[Web page caption snippets]
================================
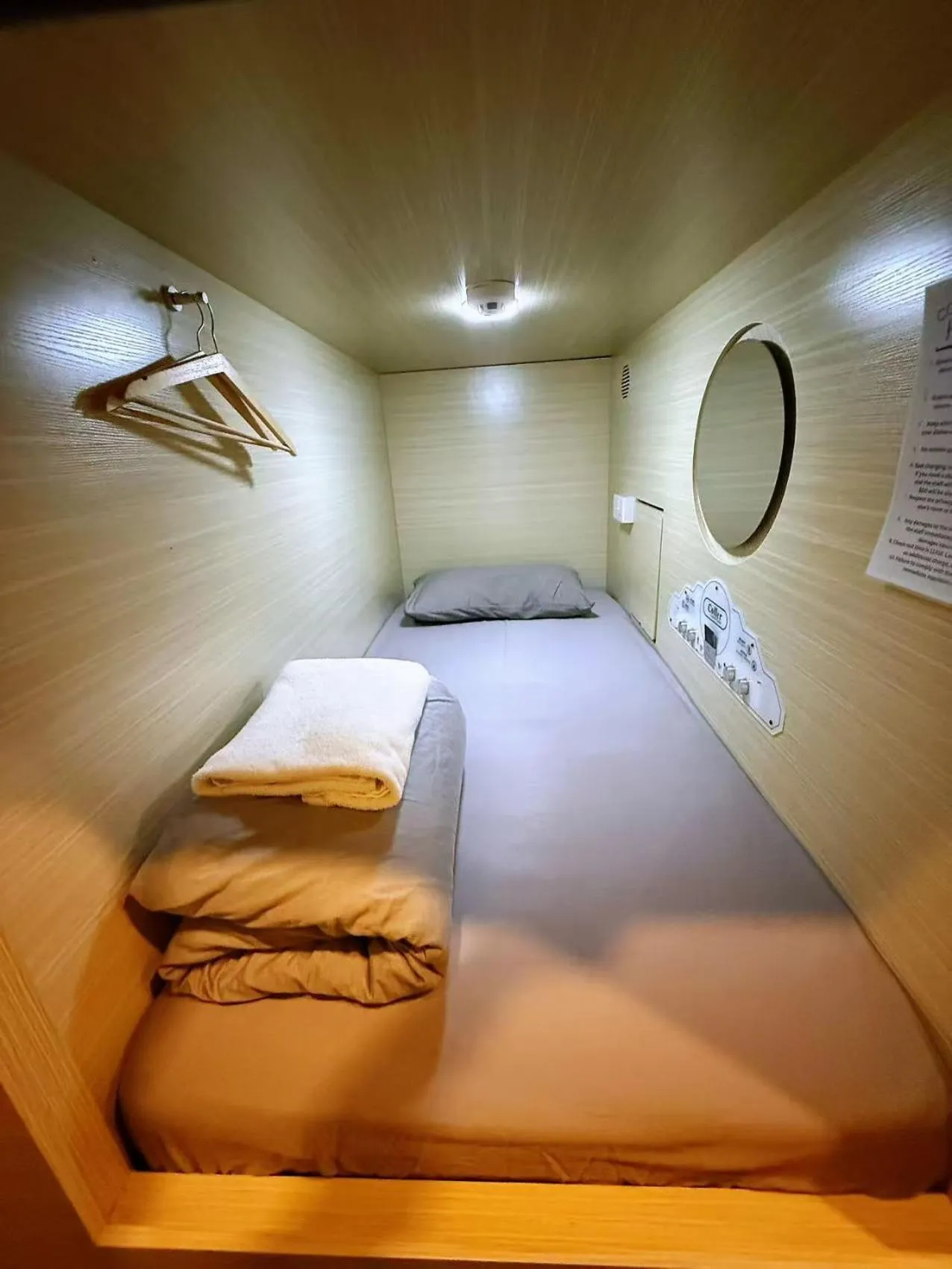 Bed in Coller Chinatown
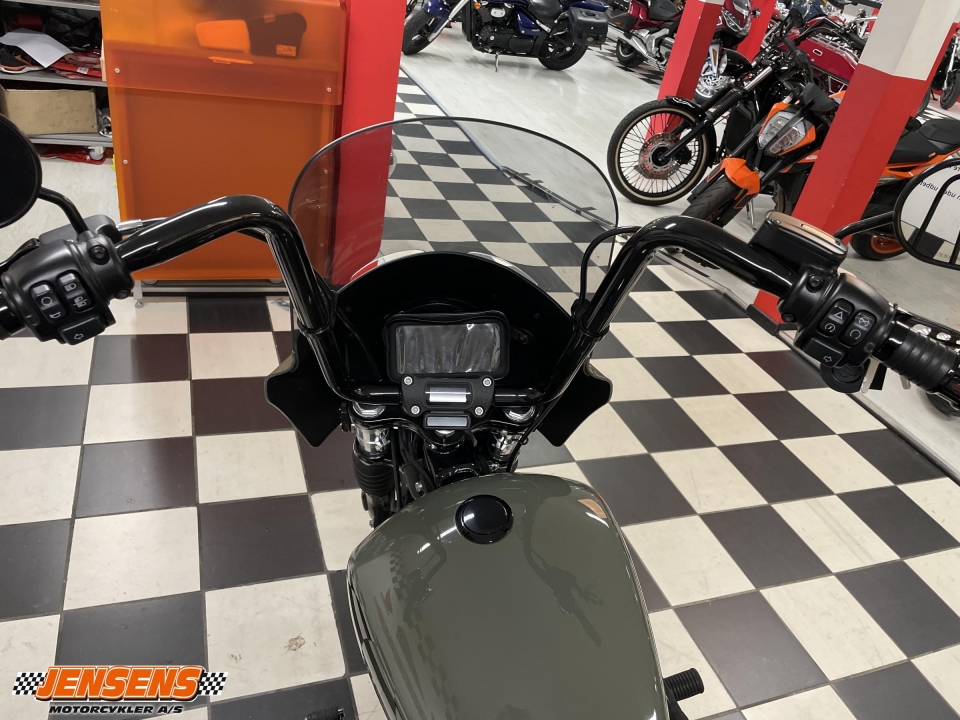 Harley-Davidson FXBBS Street Bob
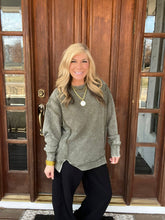 Load image into Gallery viewer, Acid Washed Double Ribbed Exposed Seam Pullover
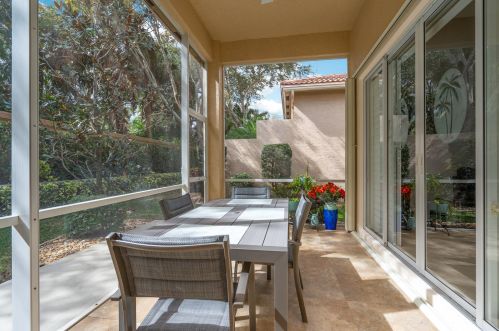 7624 New Holland Way, Boynton Beach FL 33437-6342 exterior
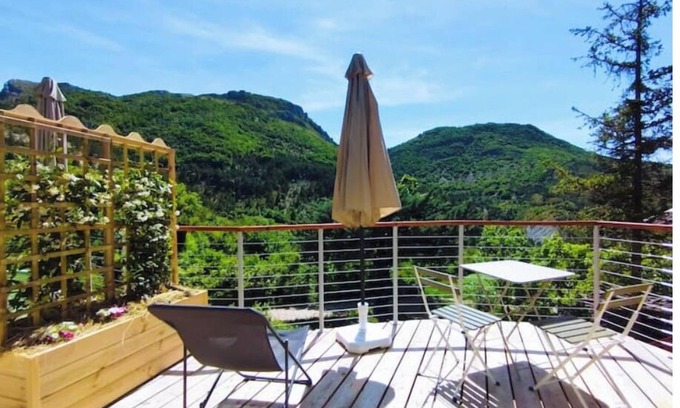 Eourres Chalet De Esquí | Charming chalet ideal for nature lovers and hikers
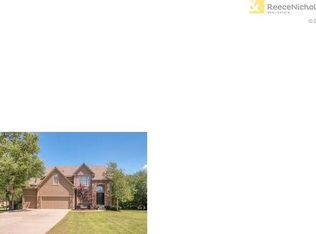 18785 Hagan Ln, Olathe, KS 66062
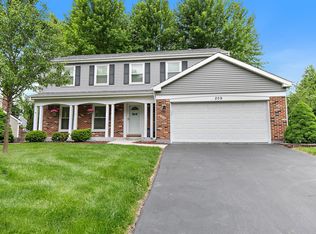 209 Briarheath Cir, Naperville, IL 60565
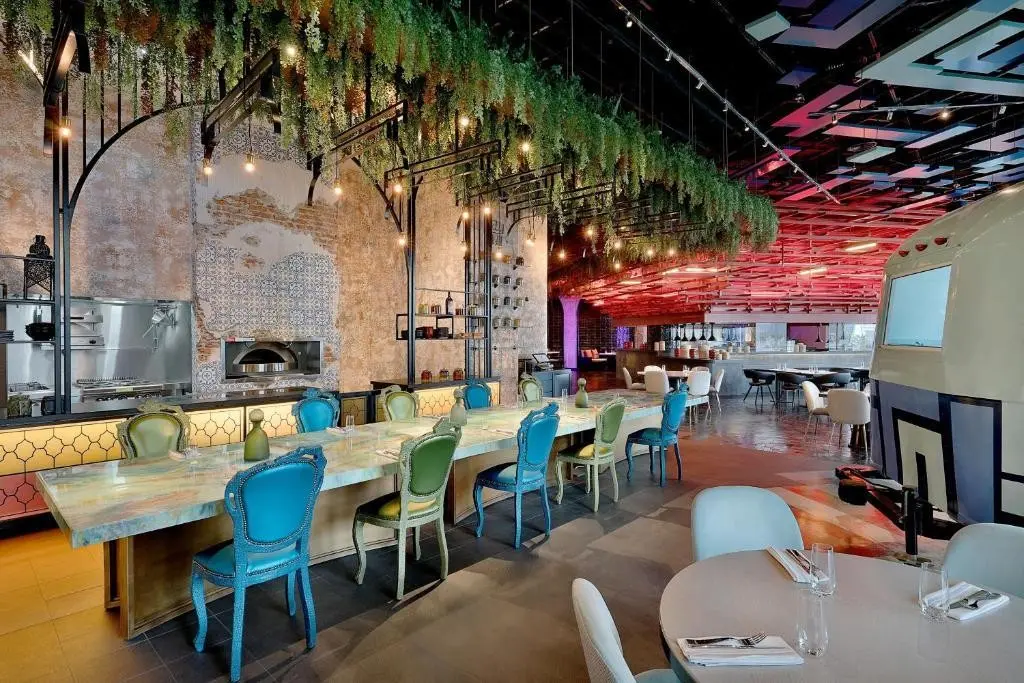 W Abu Dhabi – Yas Island — W ABU DHABI YAS ISLAND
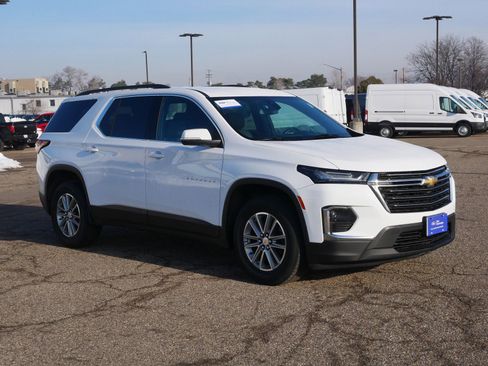 Used 2023 Chevrolet Traverse LT image 9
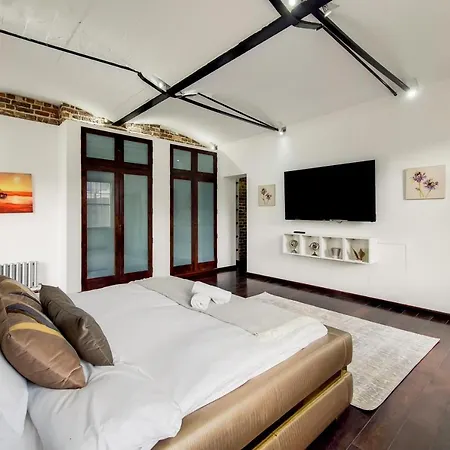 The Lyall Exclusive Apartment London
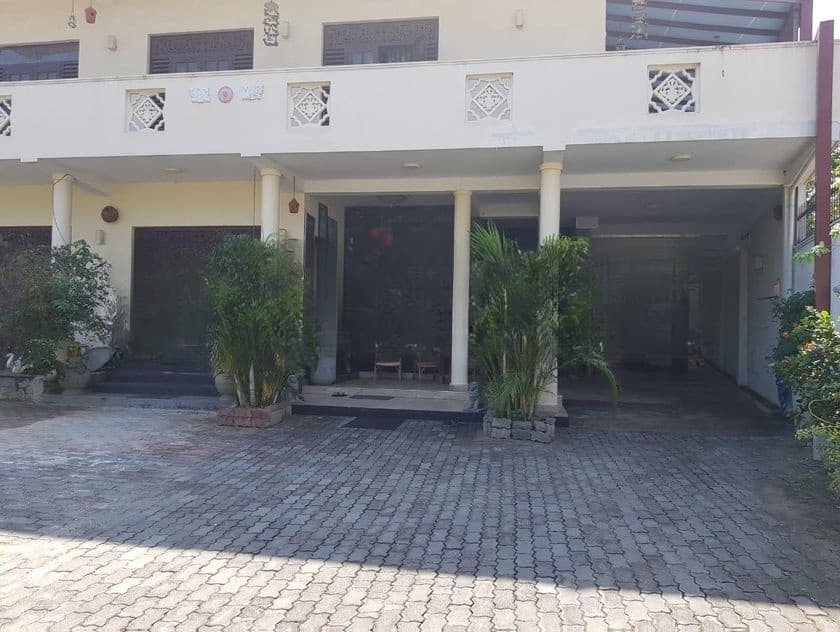 Spacious 4-Bedroom House for Rent Dehiwala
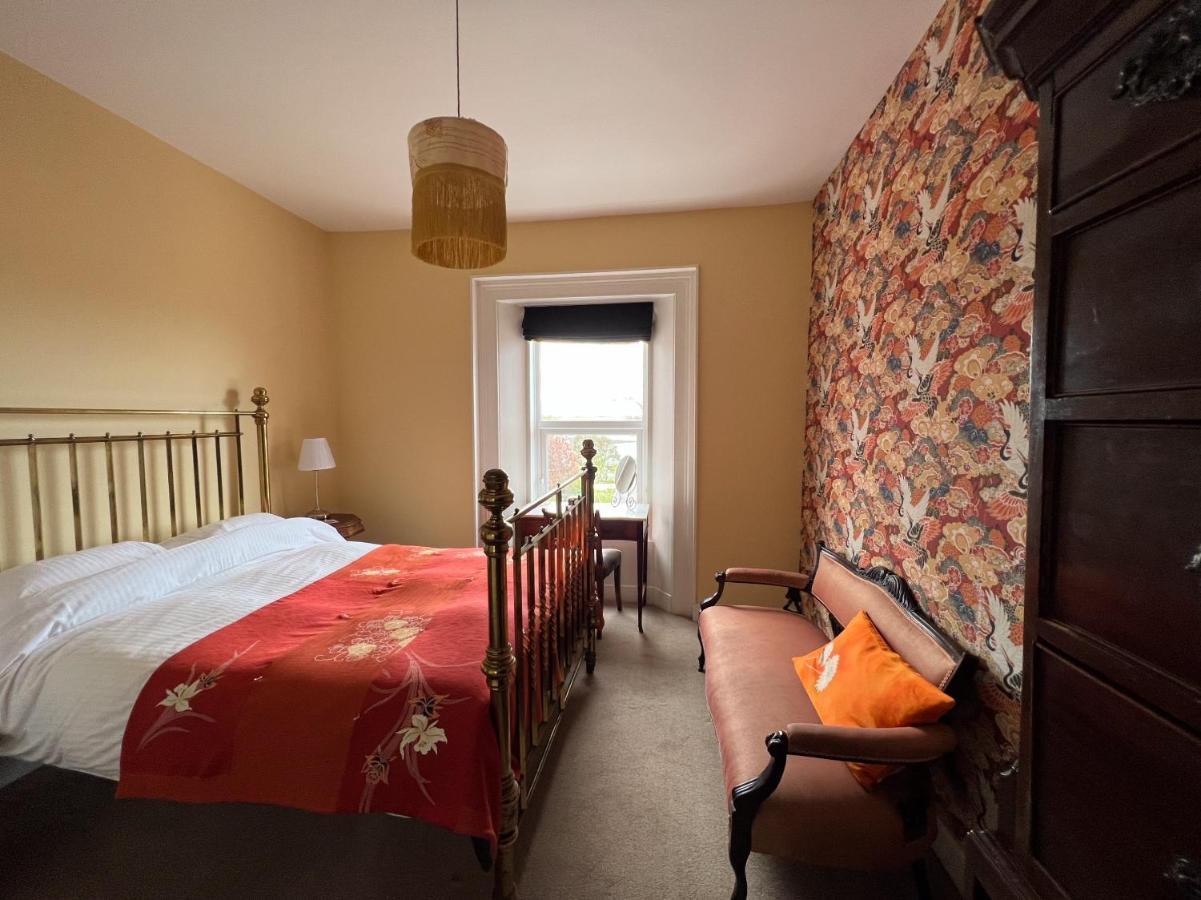 Unique Townhouse With Large Garden Down To The Sea Villa Killough Exterior foto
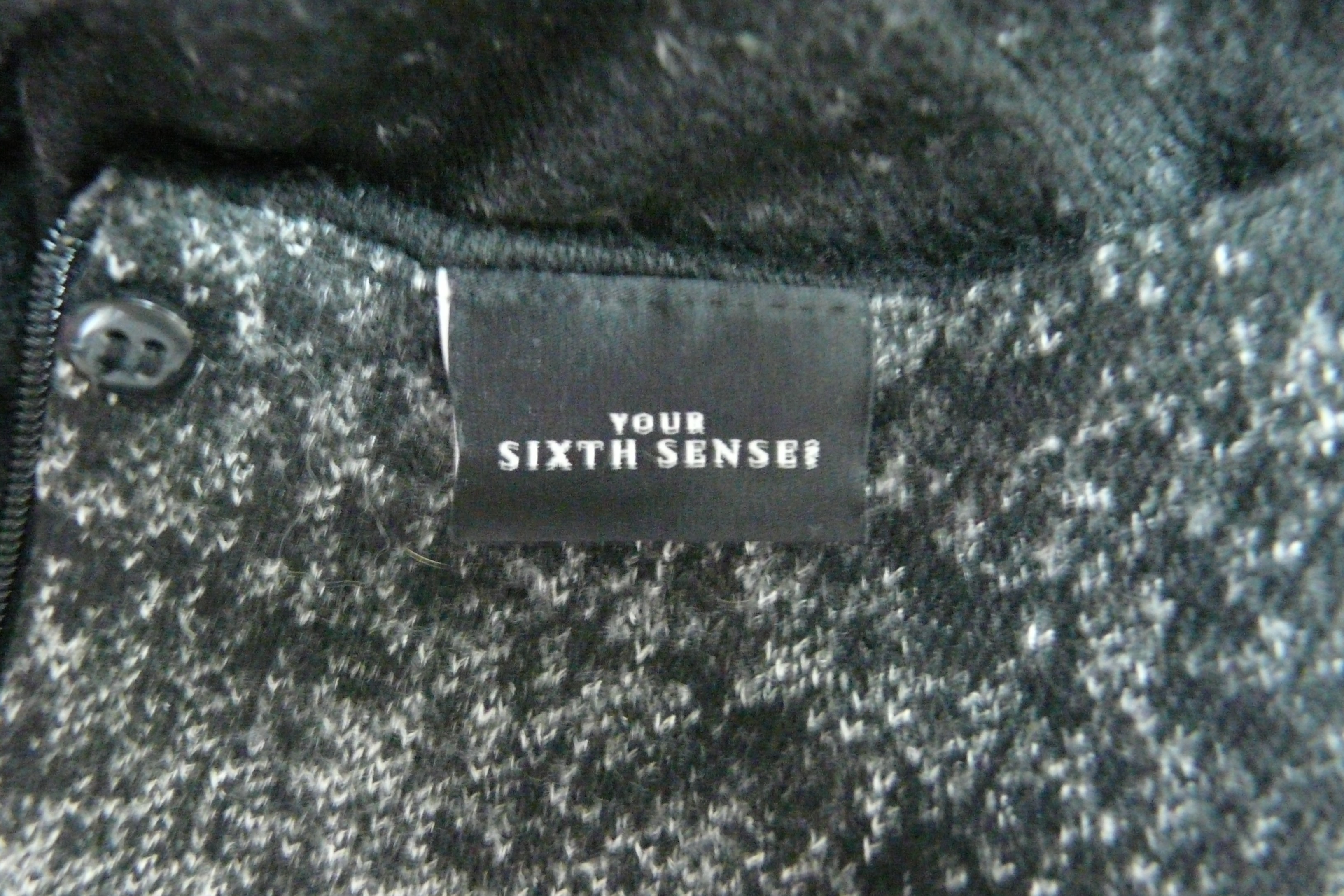 Voir photo 8 de RF57 - Robe en laine mélangée - Your Sixth Sense - Taille 44 RF57 - Robe en laine mélangée - Your Sixth Sense - Taille 44 Bon état reconditionné photo 8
================================
Goal of the exercise:
Give back an exact reproduction of the entries, with all pictures excluded.

Response to the task:
 Bed in Coller Chinatown
 Harley-Davidson FXBBS Street Bob
 Load image into Gallery viewer, Acid Washed Double Ribbed Exposed Seam Pullover
 7624 New Holland Way, Boynton Beach FL 33437-6342 exterior
 Eourres Chalet De Esquí | Charming chalet ideal for nature lovers and hikers
 18785 Hagan Ln, Olathe, KS 66062
 209 Briarheath Cir, Naperville, IL 60565
 W Abu Dhabi – Yas Island — W ABU DHABI YAS ISLAND
 Used 2023 Chevrolet Traverse LT image 9
 The Lyall Exclusive Apartment London
 Spacious 4-Bedroom House for Rent Dehiwala
 Unique Townhouse With Large Garden Down To The Sea Villa Killough Exterior foto
 Voir photo 8 de RF57 - Robe en laine mélangée - Your Sixth Sense - Taille 44 RF57 - Robe en laine mélangée - Your Sixth Sense - Taille 44 Bon état reconditionné photo 8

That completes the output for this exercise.